What the exercise asks ::
Would you print the material exactly, starting at its first line and ending at the line holding "Outsunny 3 x"?

Provided material ::
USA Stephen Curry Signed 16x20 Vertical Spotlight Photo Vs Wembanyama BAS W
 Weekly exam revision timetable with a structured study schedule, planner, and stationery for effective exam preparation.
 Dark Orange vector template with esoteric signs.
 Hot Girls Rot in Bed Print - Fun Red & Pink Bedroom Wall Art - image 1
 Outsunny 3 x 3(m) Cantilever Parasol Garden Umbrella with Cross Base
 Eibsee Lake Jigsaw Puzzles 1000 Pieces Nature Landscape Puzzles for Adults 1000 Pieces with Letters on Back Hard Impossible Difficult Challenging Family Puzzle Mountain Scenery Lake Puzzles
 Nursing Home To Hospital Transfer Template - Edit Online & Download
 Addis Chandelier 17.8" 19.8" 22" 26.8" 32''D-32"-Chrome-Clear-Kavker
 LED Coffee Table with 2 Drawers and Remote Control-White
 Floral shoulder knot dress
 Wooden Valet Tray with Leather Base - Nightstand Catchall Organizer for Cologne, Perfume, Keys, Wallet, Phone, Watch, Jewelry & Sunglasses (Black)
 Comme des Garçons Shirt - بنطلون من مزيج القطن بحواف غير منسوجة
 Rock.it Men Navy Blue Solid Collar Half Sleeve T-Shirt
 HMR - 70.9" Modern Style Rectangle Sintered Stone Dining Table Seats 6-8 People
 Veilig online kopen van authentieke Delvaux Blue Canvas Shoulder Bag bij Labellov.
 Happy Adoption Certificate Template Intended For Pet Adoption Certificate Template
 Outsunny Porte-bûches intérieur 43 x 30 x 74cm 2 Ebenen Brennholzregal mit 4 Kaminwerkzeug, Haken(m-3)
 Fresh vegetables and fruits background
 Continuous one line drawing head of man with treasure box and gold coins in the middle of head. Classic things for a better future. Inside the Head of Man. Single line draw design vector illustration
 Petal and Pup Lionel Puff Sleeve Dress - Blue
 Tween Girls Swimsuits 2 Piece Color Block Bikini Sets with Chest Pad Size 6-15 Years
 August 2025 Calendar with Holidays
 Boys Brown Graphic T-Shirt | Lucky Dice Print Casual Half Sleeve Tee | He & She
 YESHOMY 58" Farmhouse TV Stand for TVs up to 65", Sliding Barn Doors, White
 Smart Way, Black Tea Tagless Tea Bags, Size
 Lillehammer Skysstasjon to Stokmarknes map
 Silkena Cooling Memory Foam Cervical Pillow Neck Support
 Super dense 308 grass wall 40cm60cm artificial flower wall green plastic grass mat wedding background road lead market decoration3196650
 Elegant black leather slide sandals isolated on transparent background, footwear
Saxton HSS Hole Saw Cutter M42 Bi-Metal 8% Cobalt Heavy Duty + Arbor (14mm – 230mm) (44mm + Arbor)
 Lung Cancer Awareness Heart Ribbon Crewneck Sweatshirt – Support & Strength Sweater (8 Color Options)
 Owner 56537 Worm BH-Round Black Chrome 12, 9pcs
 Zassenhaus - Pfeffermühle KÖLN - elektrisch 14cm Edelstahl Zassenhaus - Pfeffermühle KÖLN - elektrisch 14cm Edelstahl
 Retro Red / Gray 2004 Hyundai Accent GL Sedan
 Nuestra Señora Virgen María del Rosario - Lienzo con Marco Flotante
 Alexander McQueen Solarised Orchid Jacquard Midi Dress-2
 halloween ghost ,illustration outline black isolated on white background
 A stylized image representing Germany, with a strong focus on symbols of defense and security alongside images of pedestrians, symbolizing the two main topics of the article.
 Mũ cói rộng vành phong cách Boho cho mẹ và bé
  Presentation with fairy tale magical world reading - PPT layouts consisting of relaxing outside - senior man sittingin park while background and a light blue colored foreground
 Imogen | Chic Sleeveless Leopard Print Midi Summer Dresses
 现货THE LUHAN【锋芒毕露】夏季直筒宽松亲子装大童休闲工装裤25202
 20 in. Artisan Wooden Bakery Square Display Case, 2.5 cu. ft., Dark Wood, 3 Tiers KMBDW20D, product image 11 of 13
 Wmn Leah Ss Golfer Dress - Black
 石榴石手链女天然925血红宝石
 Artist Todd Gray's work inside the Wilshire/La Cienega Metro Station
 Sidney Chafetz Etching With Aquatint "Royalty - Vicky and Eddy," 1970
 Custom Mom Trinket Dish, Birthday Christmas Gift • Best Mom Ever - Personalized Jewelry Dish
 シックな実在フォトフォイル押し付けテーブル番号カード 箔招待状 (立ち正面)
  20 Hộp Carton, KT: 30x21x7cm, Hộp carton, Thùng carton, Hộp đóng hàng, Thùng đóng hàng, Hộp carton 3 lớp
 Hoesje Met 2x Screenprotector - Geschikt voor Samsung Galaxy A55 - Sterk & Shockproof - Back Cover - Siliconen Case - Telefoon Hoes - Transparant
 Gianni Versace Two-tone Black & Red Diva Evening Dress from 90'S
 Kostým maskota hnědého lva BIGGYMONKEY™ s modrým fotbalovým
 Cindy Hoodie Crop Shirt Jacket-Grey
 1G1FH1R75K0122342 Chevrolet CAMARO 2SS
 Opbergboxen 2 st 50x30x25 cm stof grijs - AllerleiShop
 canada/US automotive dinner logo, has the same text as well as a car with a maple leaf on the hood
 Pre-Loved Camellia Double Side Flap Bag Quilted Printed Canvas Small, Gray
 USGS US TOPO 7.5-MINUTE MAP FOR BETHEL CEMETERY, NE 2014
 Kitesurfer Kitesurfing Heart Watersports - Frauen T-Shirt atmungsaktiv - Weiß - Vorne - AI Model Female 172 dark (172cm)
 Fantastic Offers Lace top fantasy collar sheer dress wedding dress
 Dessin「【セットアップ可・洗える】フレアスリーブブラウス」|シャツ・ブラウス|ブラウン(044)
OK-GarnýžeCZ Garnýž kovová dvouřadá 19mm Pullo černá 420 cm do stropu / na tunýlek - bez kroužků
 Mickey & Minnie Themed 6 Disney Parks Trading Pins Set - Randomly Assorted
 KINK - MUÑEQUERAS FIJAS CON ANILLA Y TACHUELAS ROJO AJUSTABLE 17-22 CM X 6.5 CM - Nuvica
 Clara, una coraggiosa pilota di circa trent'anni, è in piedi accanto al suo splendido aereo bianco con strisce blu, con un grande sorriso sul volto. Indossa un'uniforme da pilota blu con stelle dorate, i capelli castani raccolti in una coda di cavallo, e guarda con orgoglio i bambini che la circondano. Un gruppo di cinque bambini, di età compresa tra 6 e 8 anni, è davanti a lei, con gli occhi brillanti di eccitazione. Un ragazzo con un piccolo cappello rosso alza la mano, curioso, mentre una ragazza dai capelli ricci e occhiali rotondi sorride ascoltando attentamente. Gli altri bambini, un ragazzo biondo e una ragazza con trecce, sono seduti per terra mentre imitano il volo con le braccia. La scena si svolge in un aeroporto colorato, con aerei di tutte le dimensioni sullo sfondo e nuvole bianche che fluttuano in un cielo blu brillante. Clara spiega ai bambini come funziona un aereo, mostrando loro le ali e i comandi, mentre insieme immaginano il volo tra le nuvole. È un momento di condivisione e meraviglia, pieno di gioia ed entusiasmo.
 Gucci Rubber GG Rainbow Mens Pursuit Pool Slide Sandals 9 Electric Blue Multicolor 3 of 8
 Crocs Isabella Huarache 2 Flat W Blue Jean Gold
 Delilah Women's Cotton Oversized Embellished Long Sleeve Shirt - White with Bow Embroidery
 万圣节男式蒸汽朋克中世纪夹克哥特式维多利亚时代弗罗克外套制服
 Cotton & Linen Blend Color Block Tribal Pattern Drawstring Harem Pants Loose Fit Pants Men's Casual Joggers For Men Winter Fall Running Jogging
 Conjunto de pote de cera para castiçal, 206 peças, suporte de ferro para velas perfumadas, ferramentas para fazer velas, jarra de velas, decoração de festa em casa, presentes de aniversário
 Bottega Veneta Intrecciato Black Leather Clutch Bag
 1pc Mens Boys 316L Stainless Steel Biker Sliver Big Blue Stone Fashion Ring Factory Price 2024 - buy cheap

Solution ::
USA Stephen Curry Signed 16x20 Vertical Spotlight Photo Vs Wembanyama BAS W
 Weekly exam revision timetable with a structured study schedule, planner, and stationery for effective exam preparation.
 Dark Orange vector template with esoteric signs.
 Hot Girls Rot in Bed Print - Fun Red & Pink Bedroom Wall Art - image 1
 Outsunny 3 x 3(m) Cantilever Parasol Garden Umbrella with Cross Base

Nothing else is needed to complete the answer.